PROBLEM REQUIREMENTS:
Below is a listing from which only part is wanted; return exactly the lines from the one with "Serving Noodle Soup" up to and including the one with "during Downtime. Press".

PROVIDED RECORDS:
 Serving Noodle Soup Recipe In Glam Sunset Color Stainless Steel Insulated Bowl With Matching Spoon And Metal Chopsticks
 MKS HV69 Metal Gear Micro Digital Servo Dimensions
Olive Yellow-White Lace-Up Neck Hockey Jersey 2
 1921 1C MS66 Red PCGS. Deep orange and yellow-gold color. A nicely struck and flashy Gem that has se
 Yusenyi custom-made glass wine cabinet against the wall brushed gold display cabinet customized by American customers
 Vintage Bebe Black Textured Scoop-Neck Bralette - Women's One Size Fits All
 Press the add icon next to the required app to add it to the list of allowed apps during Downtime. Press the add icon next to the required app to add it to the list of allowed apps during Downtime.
* * *
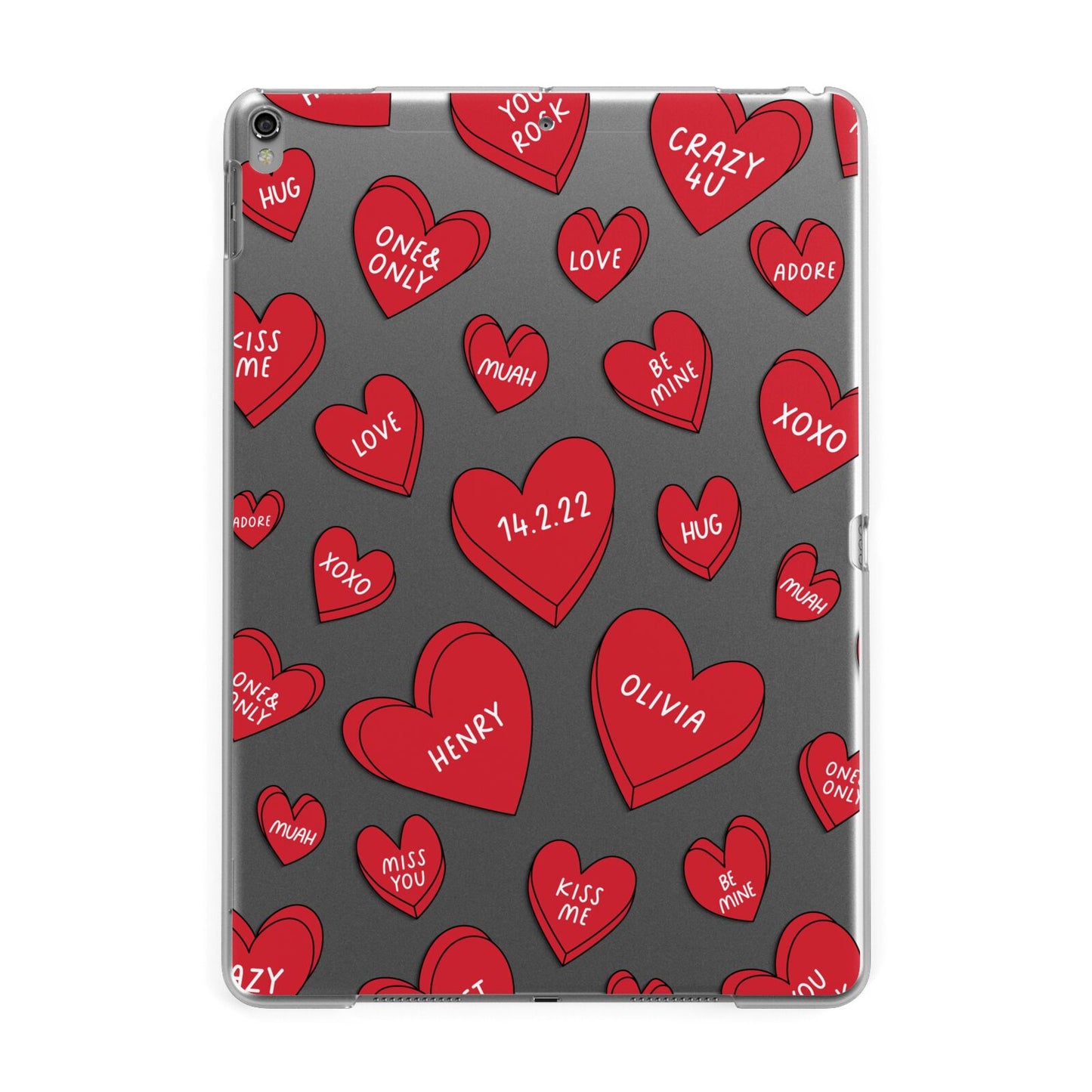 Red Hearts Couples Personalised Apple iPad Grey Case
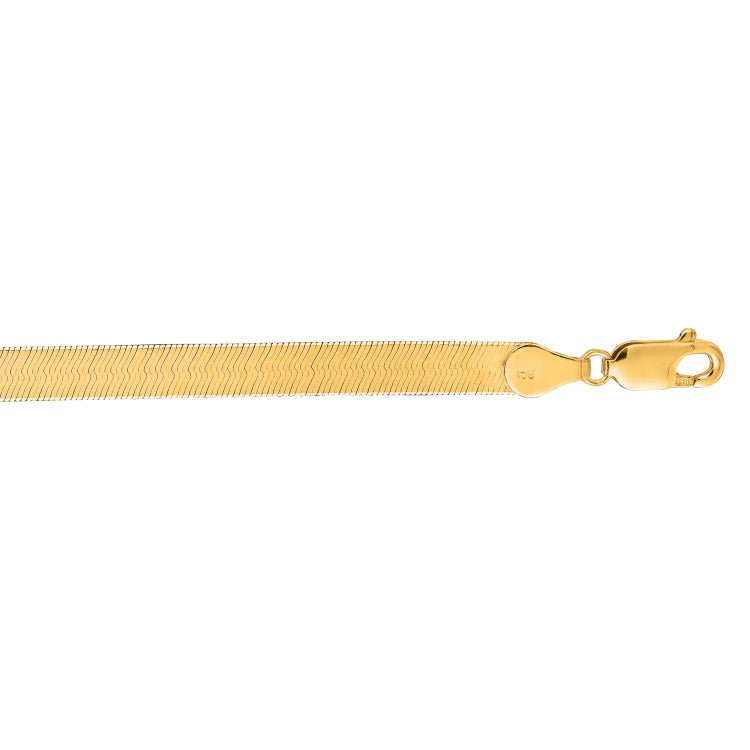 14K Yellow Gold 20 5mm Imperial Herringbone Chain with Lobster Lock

RESPONSE BELOW:
 Serving Noodle Soup Recipe In Glam Sunset Color Stainless Steel Insulated Bowl With Matching Spoon And Metal Chopsticks
 MKS HV69 Metal Gear Micro Digital Servo Dimensions
Olive Yellow-White Lace-Up Neck Hockey Jersey 2
 1921 1C MS66 Red PCGS. Deep orange and yellow-gold color. A nicely struck and flashy Gem that has se
 Yusenyi custom-made glass wine cabinet against the wall brushed gold display cabinet customized by American customers
 Vintage Bebe Black Textured Scoop-Neck Bralette - Women's One Size Fits All
 Press the add icon next to the required app to add it to the list of allowed apps during Downtime. Press the add icon next to the required app to add it to the list of allowed apps during Downtime.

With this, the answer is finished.